Pur ritenendo che il sistema non abbia abusato per ragioni di "vetrina"
a gonfiare la raccolta nei propri bilanci, è indubbio che la
massa sia ancora nel nostro Paese uno, se non l'unico, dei parametri
fondamentali per valutare un Istituto bancario. Gli altri criteri di
valutazione significativi sono quelli del rapporto con gli impieghi
e della loro qualità, la patrimonializzazione, le garanzie offerte
ai depositanti. Anche nelle Banche più attive, in questo contesto,
c'è stata una flessione della raccolta nell'80 e un decremento
dei depositi nei primi mesi dell'81.
Quali le cause di questo fenomeno di disintermediazione? Come sempre,
le ragioni sono economiche e monetarie.

Innanzitutto, una netta tendenza da parte dei risparmiatori al consumo
e alla ricerca di beni rifugio, che (realmente o fittiziamente) difendano
il frutto del suo lavoro da un'inflazione che finisce per vanificare
il suo potere d'acquisto. Abbiamo assistito, negli ultimi anni in particolare,
a una progressiva disaffezione al risparmio: e la tendenza si è
rivolta spesso a beni che nella loro varietà, e spesso nella
loro stranezza, hanno finito per difendere solo nominalmente il risparmio
dall'inflazione. Si è assistito all'acquisto di tutto, in questo
tentativo; ma la speranza è stata spesso frustrata dalla speculazione
e dalla spregiudicatezza di improvvisati "esperti", che si
sono velocemente arricchiti alle spalle di un risparmiatore in buona
fede, spesso male informato.
Ma ci sono altre ragioni, anche gravi, che hanno inciso sul fenomeno
della disintermediazione: il primo, ha scritto il professor Pierpaolo
Tassi, "è l'insostenibile concorrenza che il Tesoro con
i suoi nuovi mezzi, Bot e Cct, esercita nei confronti della componente
bancaria. La rendita di tali titoli, esenti da ogni imposizione fiscale,
è decisamente superiore a quella che il sistema bancario può
offrire. Il finanziamento della spesa pubblica ha costretto lo Stato
a intervenire direttamente sul mercato del risparmio, offrendo anche
al piccolo risparmiatore titoli che hanno una rendita elevata".
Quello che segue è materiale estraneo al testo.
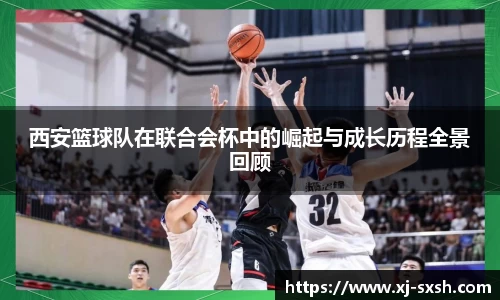 bsports登录入口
A prima vista, il sistema sembrerebbe produrre effetti positivi, e per
il risparmiatore, di fatto, nel breve li produce; ma ci sono anche riserve
a livello generale, che propongono interrogativi inquietanti.
Innanzitutto, lo Stato può trovarsi in difficoltà all'atto
della retribuzione del capitale ed essere costretto ad emettere e collocare
nuovi titoli anche per la parte interessi. D'altro canto, sostiene Tassi,
"se il beneficio immediato è di sottrarre liquidità
al mercato, nel medio la liquidità è invece in aumento,
anche per l'alta velocità di questa "quasi moneta",
con l'ovvia conclusione che, anziché raffreddare, l'inflazione
può agire in senso contrario".
Se poi, come da qualcuno si sussurra, la Banca d'Italia smettesse di
intervenire alle aste (determinando di fatto i prezzi di aggiudicazione
e le quantità) lasciando invece al libero mercato il prezzo e
di conseguenza la rendita, si può prevedere che il Tesoro, nella
necessità di approvvigionarsi di denaro, potrebbe accedere a
tassi di rendimento ancora più alti, con conseguenze gravi per
l'intera economia.
Altra causa di disintermediazione, le offerte allettanti che tante vecchie
e recenti società finanziarie offrono sul mercato. In questi
ultimi anni abbiamo assistito ad una vera e propria esplosione del fenomeno,
sia per numero che per importanza. Le valutazioni che facciamo sono
ovviamente di ordine generale e non vogliono coinvolgere tutte le finanziarie.
Dobbiamo però sottolineare le scarse garanzie che spesso esse
offrono: innanzitutto, per la mancanza di qualsiasi possibilità
di controllo da parte dell'Organo di Vigilanza; in secondo luogo, per
lo scarso capitale delle società del settore; infine, per le
possibilità di onorare gli impegni che assumono, oggi, in un
auspicato domani che veda calato il tasso d'inflazione. Per la complessità
e per le dimensioni che il fenomeno va assumendo, alla luce delle disposizioni
costituzionali e legislative, riteniamo necessario e urgente un intervento
del legislatore in difesa dei risparmiatori.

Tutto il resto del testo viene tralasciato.